## WHAT IS EXPECTED:
Copy out all of the entries exactly as they appear.

## MATERIAL PROVIDED:
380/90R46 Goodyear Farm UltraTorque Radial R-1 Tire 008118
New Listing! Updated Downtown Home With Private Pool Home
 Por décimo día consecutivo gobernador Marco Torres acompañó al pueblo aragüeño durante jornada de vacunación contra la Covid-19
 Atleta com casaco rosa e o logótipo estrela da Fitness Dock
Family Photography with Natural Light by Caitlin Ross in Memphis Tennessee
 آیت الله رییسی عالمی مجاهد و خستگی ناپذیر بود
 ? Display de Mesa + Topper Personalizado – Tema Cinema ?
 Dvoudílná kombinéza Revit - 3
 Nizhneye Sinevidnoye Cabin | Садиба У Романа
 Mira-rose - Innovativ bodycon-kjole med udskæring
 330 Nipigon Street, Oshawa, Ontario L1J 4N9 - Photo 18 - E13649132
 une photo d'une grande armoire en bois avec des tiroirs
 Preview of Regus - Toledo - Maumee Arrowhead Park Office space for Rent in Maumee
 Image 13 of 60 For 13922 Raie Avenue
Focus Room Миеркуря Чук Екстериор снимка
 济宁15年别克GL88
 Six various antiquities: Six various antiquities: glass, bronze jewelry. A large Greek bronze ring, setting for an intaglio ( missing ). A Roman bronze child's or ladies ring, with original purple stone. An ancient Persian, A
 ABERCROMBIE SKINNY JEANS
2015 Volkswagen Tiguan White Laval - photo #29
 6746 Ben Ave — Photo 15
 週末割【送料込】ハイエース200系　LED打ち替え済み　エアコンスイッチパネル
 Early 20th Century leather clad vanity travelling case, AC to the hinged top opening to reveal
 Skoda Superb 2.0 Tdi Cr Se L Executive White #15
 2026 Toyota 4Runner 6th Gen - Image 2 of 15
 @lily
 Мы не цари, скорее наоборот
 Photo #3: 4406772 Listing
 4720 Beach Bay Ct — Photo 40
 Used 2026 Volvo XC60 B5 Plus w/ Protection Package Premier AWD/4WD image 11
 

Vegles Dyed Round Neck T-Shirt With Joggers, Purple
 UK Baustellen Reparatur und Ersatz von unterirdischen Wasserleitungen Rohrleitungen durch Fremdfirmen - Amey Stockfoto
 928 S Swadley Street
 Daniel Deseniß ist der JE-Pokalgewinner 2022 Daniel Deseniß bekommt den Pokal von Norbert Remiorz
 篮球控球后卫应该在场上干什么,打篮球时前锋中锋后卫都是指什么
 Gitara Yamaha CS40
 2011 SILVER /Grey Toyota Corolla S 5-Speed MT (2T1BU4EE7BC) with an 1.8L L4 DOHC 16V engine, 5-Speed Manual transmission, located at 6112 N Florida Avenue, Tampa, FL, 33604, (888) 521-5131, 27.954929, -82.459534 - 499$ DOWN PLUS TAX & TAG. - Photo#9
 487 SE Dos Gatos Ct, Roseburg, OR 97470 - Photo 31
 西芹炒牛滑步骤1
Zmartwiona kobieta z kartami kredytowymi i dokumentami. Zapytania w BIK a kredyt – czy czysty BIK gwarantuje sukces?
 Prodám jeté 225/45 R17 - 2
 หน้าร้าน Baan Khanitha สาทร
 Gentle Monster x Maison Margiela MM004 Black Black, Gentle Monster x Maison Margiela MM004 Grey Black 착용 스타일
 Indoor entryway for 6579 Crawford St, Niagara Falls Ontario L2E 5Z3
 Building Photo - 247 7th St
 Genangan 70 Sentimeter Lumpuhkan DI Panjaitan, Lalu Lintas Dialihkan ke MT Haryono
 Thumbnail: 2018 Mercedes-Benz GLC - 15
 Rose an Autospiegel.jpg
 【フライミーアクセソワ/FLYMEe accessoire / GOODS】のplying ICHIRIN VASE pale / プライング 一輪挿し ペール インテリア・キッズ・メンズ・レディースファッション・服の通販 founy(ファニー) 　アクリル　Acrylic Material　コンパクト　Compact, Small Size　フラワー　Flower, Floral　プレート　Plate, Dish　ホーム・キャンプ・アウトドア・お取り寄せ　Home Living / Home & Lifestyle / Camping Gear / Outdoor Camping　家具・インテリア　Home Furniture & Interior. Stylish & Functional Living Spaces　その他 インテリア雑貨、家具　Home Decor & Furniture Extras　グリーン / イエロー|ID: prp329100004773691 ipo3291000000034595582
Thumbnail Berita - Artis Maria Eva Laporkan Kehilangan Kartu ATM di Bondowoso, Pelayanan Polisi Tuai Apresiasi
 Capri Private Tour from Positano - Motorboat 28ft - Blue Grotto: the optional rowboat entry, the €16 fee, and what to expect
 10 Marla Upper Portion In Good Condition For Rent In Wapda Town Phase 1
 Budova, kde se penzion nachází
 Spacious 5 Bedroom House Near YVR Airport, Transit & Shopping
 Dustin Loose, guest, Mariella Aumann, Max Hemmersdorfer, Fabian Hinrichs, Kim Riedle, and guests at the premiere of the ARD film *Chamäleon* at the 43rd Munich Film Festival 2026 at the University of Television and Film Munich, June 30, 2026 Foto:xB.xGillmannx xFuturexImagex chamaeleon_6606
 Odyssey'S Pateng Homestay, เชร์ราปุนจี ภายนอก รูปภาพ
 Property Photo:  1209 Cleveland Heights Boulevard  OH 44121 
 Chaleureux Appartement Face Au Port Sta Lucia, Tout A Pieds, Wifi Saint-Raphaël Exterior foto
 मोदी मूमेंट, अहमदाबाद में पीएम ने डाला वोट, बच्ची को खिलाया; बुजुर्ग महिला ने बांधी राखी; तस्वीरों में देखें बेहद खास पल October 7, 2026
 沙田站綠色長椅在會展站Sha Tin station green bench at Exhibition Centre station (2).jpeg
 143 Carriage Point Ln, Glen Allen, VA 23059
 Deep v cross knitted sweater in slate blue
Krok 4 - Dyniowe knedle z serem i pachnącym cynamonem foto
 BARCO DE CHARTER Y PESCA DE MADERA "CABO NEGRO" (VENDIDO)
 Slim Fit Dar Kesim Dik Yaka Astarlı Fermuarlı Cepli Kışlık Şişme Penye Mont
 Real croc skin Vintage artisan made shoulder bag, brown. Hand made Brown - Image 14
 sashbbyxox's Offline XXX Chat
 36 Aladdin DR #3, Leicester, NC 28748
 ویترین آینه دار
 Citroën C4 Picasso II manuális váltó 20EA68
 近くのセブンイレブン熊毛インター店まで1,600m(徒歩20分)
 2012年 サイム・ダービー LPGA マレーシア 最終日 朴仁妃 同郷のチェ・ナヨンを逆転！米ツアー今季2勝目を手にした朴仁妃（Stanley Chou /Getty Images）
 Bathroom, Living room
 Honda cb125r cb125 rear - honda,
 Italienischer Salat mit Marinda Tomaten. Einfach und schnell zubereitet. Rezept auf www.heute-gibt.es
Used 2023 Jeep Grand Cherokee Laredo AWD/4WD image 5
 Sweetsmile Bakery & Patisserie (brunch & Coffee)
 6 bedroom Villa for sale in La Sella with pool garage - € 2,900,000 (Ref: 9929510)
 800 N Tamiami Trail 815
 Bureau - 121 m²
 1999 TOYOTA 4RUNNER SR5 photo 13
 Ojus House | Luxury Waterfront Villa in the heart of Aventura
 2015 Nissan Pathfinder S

## RESULT OF THE TASK:
380/90R46 Goodyear Farm UltraTorque Radial R-1 Tire 008118
New Listing! Updated Downtown Home With Private Pool Home
 Por décimo día consecutivo gobernador Marco Torres acompañó al pueblo aragüeño durante jornada de vacunación contra la Covid-19
 Atleta com casaco rosa e o logótipo estrela da Fitness Dock
Family Photography with Natural Light by Caitlin Ross in Memphis Tennessee
 آیت الله رییسی عالمی مجاهد و خستگی ناپذیر بود
 ? Display de Mesa + Topper Personalizado – Tema Cinema ?
 Dvoudílná kombinéza Revit - 3
 Nizhneye Sinevidnoye Cabin | Садиба У Романа
 Mira-rose - Innovativ bodycon-kjole med udskæring
 330 Nipigon Street, Oshawa, Ontario L1J 4N9 - Photo 18 - E13649132
 une photo d'une grande armoire en bois avec des tiroirs
 Preview of Regus - Toledo - Maumee Arrowhead Park Office space for Rent in Maumee
 Image 13 of 60 For 13922 Raie Avenue
Focus Room Миеркуря Чук Екстериор снимка
 济宁15年别克GL88
 Six various antiquities: Six various antiquities: glass, bronze jewelry. A large Greek bronze ring, setting for an intaglio ( missing ). A Roman bronze child's or ladies ring, with original purple stone. An ancient Persian, A
 ABERCROMBIE SKINNY JEANS
2015 Volkswagen Tiguan White Laval - photo #29
 6746 Ben Ave — Photo 15
 週末割【送料込】ハイエース200系　LED打ち替え済み　エアコンスイッチパネル
 Early 20th Century leather clad vanity travelling case, AC to the hinged top opening to reveal
 Skoda Superb 2.0 Tdi Cr Se L Executive White #15
 2026 Toyota 4Runner 6th Gen - Image 2 of 15
 @lily
 Мы не цари, скорее наоборот
 Photo #3: 4406772 Listing
 4720 Beach Bay Ct — Photo 40
 Used 2026 Volvo XC60 B5 Plus w/ Protection Package Premier AWD/4WD image 11
 

Vegles Dyed Round Neck T-Shirt With Joggers, Purple
 UK Baustellen Reparatur und Ersatz von unterirdischen Wasserleitungen Rohrleitungen durch Fremdfirmen - Amey Stockfoto
 928 S Swadley Street
 Daniel Deseniß ist der JE-Pokalgewinner 2022 Daniel Deseniß bekommt den Pokal von Norbert Remiorz
 篮球控球后卫应该在场上干什么,打篮球时前锋中锋后卫都是指什么
 Gitara Yamaha CS40
 2011 SILVER /Grey Toyota Corolla S 5-Speed MT (2T1BU4EE7BC) with an 1.8L L4 DOHC 16V engine, 5-Speed Manual transmission, located at 6112 N Florida Avenue, Tampa, FL, 33604, (888) 521-5131, 27.954929, -82.459534 - 499$ DOWN PLUS TAX & TAG. - Photo#9
 487 SE Dos Gatos Ct, Roseburg, OR 97470 - Photo 31
 西芹炒牛滑步骤1
Zmartwiona kobieta z kartami kredytowymi i dokumentami. Zapytania w BIK a kredyt – czy czysty BIK gwarantuje sukces?
 Prodám jeté 225/45 R17 - 2
 หน้าร้าน Baan Khanitha สาทร
 Gentle Monster x Maison Margiela MM004 Black Black, Gentle Monster x Maison Margiela MM004 Grey Black 착용 스타일
 Indoor entryway for 6579 Crawford St, Niagara Falls Ontario L2E 5Z3
 Building Photo - 247 7th St
 Genangan 70 Sentimeter Lumpuhkan DI Panjaitan, Lalu Lintas Dialihkan ke MT Haryono
 Thumbnail: 2018 Mercedes-Benz GLC - 15
 Rose an Autospiegel.jpg
 【フライミーアクセソワ/FLYMEe accessoire / GOODS】のplying ICHIRIN VASE pale / プライング 一輪挿し ペール インテリア・キッズ・メンズ・レディースファッション・服の通販 founy(ファニー) 　アクリル　Acrylic Material　コンパクト　Compact, Small Size　フラワー　Flower, Floral　プレート　Plate, Dish　ホーム・キャンプ・アウトドア・お取り寄せ　Home Living / Home & Lifestyle / Camping Gear / Outdoor Camping　家具・インテリア　Home Furniture & Interior. Stylish & Functional Living Spaces　その他 インテリア雑貨、家具　Home Decor & Furniture Extras　グリーン / イエロー|ID: prp329100004773691 ipo3291000000034595582
Thumbnail Berita - Artis Maria Eva Laporkan Kehilangan Kartu ATM di Bondowoso, Pelayanan Polisi Tuai Apresiasi
 Capri Private Tour from Positano - Motorboat 28ft - Blue Grotto: the optional rowboat entry, the €16 fee, and what to expect
 10 Marla Upper Portion In Good Condition For Rent In Wapda Town Phase 1
 Budova, kde se penzion nachází
 Spacious 5 Bedroom House Near YVR Airport, Transit & Shopping
 Dustin Loose, guest, Mariella Aumann, Max Hemmersdorfer, Fabian Hinrichs, Kim Riedle, and guests at the premiere of the ARD film *Chamäleon* at the 43rd Munich Film Festival 2026 at the University of Television and Film Munich, June 30, 2026 Foto:xB.xGillmannx xFuturexImagex chamaeleon_6606
 Odyssey'S Pateng Homestay, เชร์ราปุนจี ภายนอก รูปภาพ
 Property Photo:  1209 Cleveland Heights Boulevard  OH 44121 
 Chaleureux Appartement Face Au Port Sta Lucia, Tout A Pieds, Wifi Saint-Raphaël Exterior foto
 मोदी मूमेंट, अहमदाबाद में पीएम ने डाला वोट, बच्ची को खिलाया; बुजुर्ग महिला ने बांधी राखी; तस्वीरों में देखें बेहद खास पल October 7, 2026
 沙田站綠色長椅在會展站Sha Tin station green bench at Exhibition Centre station (2).jpeg
 143 Carriage Point Ln, Glen Allen, VA 23059
 Deep v cross knitted sweater in slate blue
Krok 4 - Dyniowe knedle z serem i pachnącym cynamonem foto
 BARCO DE CHARTER Y PESCA DE MADERA "CABO NEGRO" (VENDIDO)
 Slim Fit Dar Kesim Dik Yaka Astarlı Fermuarlı Cepli Kışlık Şişme Penye Mont
 Real croc skin Vintage artisan made shoulder bag, brown. Hand made Brown - Image 14
 sashbbyxox's Offline XXX Chat
 36 Aladdin DR #3, Leicester, NC 28748
 ویترین آینه دار
 Citroën C4 Picasso II manuális váltó 20EA68
 近くのセブンイレブン熊毛インター店まで1,600m(徒歩20分)
 2012年 サイム・ダービー LPGA マレーシア 最終日 朴仁妃 同郷のチェ・ナヨンを逆転！米ツアー今季2勝目を手にした朴仁妃（Stanley Chou /Getty Images）
 Bathroom, Living room
 Honda cb125r cb125 rear - honda,
 Italienischer Salat mit Marinda Tomaten. Einfach und schnell zubereitet. Rezept auf www.heute-gibt.es
Used 2023 Jeep Grand Cherokee Laredo AWD/4WD image 5
 Sweetsmile Bakery & Patisserie (brunch & Coffee)
 6 bedroom Villa for sale in La Sella with pool garage - € 2,900,000 (Ref: 9929510)
 800 N Tamiami Trail 815
 Bureau - 121 m²
 1999 TOYOTA 4RUNNER SR5 photo 13
 Ojus House | Luxury Waterfront Villa in the heart of Aventura
 2015 Nissan Pathfinder S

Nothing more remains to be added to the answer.